[[ Data to use, beginning ]]
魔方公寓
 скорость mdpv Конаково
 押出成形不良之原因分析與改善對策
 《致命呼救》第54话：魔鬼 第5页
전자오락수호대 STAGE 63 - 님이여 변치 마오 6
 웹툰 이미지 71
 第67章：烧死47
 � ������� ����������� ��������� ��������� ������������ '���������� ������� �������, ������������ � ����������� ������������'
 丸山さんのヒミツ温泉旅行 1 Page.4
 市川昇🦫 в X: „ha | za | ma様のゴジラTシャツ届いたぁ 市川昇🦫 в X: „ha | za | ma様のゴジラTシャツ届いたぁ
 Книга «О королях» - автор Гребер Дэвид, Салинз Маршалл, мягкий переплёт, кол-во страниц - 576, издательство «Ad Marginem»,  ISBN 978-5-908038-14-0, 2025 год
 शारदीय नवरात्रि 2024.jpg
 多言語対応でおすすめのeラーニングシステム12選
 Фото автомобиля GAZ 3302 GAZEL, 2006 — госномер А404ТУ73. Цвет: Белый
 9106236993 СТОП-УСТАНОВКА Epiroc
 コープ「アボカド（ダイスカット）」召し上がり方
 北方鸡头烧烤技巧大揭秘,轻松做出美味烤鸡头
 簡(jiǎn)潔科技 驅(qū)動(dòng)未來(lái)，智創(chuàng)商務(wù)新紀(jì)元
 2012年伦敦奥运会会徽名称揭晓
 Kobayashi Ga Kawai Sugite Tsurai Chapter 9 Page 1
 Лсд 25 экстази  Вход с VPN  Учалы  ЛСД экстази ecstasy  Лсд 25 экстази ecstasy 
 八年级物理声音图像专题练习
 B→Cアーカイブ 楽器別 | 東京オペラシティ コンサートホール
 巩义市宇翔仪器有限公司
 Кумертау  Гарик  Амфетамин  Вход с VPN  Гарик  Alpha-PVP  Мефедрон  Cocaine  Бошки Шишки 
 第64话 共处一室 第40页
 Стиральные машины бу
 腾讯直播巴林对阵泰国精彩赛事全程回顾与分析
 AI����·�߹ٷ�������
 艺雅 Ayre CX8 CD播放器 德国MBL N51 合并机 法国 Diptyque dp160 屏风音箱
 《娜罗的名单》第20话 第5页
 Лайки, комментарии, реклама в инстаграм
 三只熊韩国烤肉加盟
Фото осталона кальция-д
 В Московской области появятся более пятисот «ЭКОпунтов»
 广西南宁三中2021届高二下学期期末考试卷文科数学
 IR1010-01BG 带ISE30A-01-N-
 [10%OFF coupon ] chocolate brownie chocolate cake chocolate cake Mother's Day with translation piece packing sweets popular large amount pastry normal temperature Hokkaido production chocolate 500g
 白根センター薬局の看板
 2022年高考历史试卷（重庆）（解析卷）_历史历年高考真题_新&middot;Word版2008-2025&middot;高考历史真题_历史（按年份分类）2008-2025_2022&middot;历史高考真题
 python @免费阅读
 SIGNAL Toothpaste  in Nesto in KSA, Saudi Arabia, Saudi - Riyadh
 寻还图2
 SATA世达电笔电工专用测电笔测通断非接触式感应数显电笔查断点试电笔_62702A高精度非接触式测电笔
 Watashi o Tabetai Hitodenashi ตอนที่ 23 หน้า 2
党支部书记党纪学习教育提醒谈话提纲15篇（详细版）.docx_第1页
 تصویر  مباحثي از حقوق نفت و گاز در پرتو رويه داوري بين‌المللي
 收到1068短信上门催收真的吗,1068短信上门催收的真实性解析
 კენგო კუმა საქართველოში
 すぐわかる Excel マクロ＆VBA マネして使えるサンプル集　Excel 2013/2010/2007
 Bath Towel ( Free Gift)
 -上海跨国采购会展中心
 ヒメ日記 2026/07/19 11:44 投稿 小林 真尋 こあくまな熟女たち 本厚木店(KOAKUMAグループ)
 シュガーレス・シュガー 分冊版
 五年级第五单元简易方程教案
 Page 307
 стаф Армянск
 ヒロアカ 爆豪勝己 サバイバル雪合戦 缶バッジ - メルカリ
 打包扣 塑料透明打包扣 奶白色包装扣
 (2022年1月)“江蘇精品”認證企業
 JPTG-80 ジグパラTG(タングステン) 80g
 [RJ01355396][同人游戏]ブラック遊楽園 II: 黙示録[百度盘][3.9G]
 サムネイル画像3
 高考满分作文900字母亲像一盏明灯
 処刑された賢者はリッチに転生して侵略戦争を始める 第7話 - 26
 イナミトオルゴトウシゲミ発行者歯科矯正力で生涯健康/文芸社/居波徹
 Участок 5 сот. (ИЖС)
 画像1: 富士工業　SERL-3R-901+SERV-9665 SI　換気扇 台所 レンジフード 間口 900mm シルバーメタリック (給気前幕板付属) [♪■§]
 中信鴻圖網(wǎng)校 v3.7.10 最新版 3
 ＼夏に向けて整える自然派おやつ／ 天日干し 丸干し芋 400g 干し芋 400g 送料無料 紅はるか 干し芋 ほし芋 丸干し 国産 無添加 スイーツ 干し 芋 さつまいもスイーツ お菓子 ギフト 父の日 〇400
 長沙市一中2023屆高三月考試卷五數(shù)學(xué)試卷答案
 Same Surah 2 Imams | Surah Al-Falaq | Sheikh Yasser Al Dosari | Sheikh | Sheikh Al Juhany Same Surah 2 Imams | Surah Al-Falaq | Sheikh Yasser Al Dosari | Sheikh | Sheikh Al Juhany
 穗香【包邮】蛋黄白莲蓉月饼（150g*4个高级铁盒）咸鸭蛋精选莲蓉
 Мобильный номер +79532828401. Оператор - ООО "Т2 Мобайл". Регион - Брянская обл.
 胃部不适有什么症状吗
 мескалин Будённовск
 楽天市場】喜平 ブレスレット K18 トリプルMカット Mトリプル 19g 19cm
[[ Data to use, end ]]
• [Goal of the exercise]: Please retype the data, matching it exactly.

• [Your response]:
魔方公寓
 скорость mdpv Конаково
 押出成形不良之原因分析與改善對策
 《致命呼救》第54话：魔鬼 第5页
전자오락수호대 STAGE 63 - 님이여 변치 마오 6
 웹툰 이미지 71
 第67章：烧死47
 � ������� ����������� ��������� ��������� ������������ '���������� ������� �������, ������������ � ����������� ������������'
 丸山さんのヒミツ温泉旅行 1 Page.4
 市川昇🦫 в X: „ha | za | ma様のゴジラTシャツ届いたぁ 市川昇🦫 в X: „ha | za | ma様のゴジラTシャツ届いたぁ
 Книга «О королях» - автор Гребер Дэвид, Салинз Маршалл, мягкий переплёт, кол-во страниц - 576, издательство «Ad Marginem»,  ISBN 978-5-908038-14-0, 2025 год
 शारदीय नवरात्रि 2024.jpg
 多言語対応でおすすめのeラーニングシステム12選
 Фото автомобиля GAZ 3302 GAZEL, 2006 — госномер А404ТУ73. Цвет: Белый
 9106236993 СТОП-УСТАНОВКА Epiroc
 コープ「アボカド（ダイスカット）」召し上がり方
 北方鸡头烧烤技巧大揭秘,轻松做出美味烤鸡头
 簡(jiǎn)潔科技 驅(qū)動(dòng)未來(lái)，智創(chuàng)商務(wù)新紀(jì)元
 2012年伦敦奥运会会徽名称揭晓
 Kobayashi Ga Kawai Sugite Tsurai Chapter 9 Page 1
 Лсд 25 экстази  Вход с VPN  Учалы  ЛСД экстази ecstasy  Лсд 25 экстази ecstasy 
 八年级物理声音图像专题练习
 B→Cアーカイブ 楽器別 | 東京オペラシティ コンサートホール
 巩义市宇翔仪器有限公司
 Кумертау  Гарик  Амфетамин  Вход с VPN  Гарик  Alpha-PVP  Мефедрон  Cocaine  Бошки Шишки 
 第64话 共处一室 第40页
 Стиральные машины бу
 腾讯直播巴林对阵泰国精彩赛事全程回顾与分析
 AI����·�߹ٷ�������
 艺雅 Ayre CX8 CD播放器 德国MBL N51 合并机 法国 Diptyque dp160 屏风音箱
 《娜罗的名单》第20话 第5页
 Лайки, комментарии, реклама в инстаграм
 三只熊韩国烤肉加盟
Фото осталона кальция-д
 В Московской области появятся более пятисот «ЭКОпунтов»
 广西南宁三中2021届高二下学期期末考试卷文科数学
 IR1010-01BG 带ISE30A-01-N-
 [10%OFF coupon ] chocolate brownie chocolate cake chocolate cake Mother's Day with translation piece packing sweets popular large amount pastry normal temperature Hokkaido production chocolate 500g
 白根センター薬局の看板
 2022年高考历史试卷（重庆）（解析卷）_历史历年高考真题_新&middot;Word版2008-2025&middot;高考历史真题_历史（按年份分类）2008-2025_2022&middot;历史高考真题
 python @免费阅读
 SIGNAL Toothpaste  in Nesto in KSA, Saudi Arabia, Saudi - Riyadh
 寻还图2
 SATA世达电笔电工专用测电笔测通断非接触式感应数显电笔查断点试电笔_62702A高精度非接触式测电笔
 Watashi o Tabetai Hitodenashi ตอนที่ 23 หน้า 2
党支部书记党纪学习教育提醒谈话提纲15篇（详细版）.docx_第1页
 تصویر  مباحثي از حقوق نفت و گاز در پرتو رويه داوري بين‌المللي
 收到1068短信上门催收真的吗,1068短信上门催收的真实性解析
 კენგო კუმა საქართველოში
 すぐわかる Excel マクロ＆VBA マネして使えるサンプル集　Excel 2013/2010/2007
 Bath Towel ( Free Gift)
 -上海跨国采购会展中心
 ヒメ日記 2026/07/19 11:44 投稿 小林 真尋 こあくまな熟女たち 本厚木店(KOAKUMAグループ)
 シュガーレス・シュガー 分冊版
 五年级第五单元简易方程教案
 Page 307
 стаф Армянск
 ヒロアカ 爆豪勝己 サバイバル雪合戦 缶バッジ - メルカリ
 打包扣 塑料透明打包扣 奶白色包装扣
 (2022年1月)“江蘇精品”認證企業
 JPTG-80 ジグパラTG(タングステン) 80g
 [RJ01355396][同人游戏]ブラック遊楽園 II: 黙示録[百度盘][3.9G]
 サムネイル画像3
 高考满分作文900字母亲像一盏明灯
 処刑された賢者はリッチに転生して侵略戦争を始める 第7話 - 26
 イナミトオルゴトウシゲミ発行者歯科矯正力で生涯健康/文芸社/居波徹
 Участок 5 сот. (ИЖС)
 画像1: 富士工業　SERL-3R-901+SERV-9665 SI　換気扇 台所 レンジフード 間口 900mm シルバーメタリック (給気前幕板付属) [♪■§]
 中信鴻圖網(wǎng)校 v3.7.10 最新版 3
 ＼夏に向けて整える自然派おやつ／ 天日干し 丸干し芋 400g 干し芋 400g 送料無料 紅はるか 干し芋 ほし芋 丸干し 国産 無添加 スイーツ 干し 芋 さつまいもスイーツ お菓子 ギフト 父の日 〇400
 長沙市一中2023屆高三月考試卷五數(shù)學(xué)試卷答案
 Same Surah 2 Imams | Surah Al-Falaq | Sheikh Yasser Al Dosari | Sheikh | Sheikh Al Juhany Same Surah 2 Imams | Surah Al-Falaq | Sheikh Yasser Al Dosari | Sheikh | Sheikh Al Juhany
 穗香【包邮】蛋黄白莲蓉月饼（150g*4个高级铁盒）咸鸭蛋精选莲蓉
 Мобильный номер +79532828401. Оператор - ООО "Т2 Мобайл". Регион - Брянская обл.
 胃部不适有什么症状吗
 мескалин Будённовск
 楽天市場】喜平 ブレスレット K18 トリプルMカット Mトリプル 19g 19cm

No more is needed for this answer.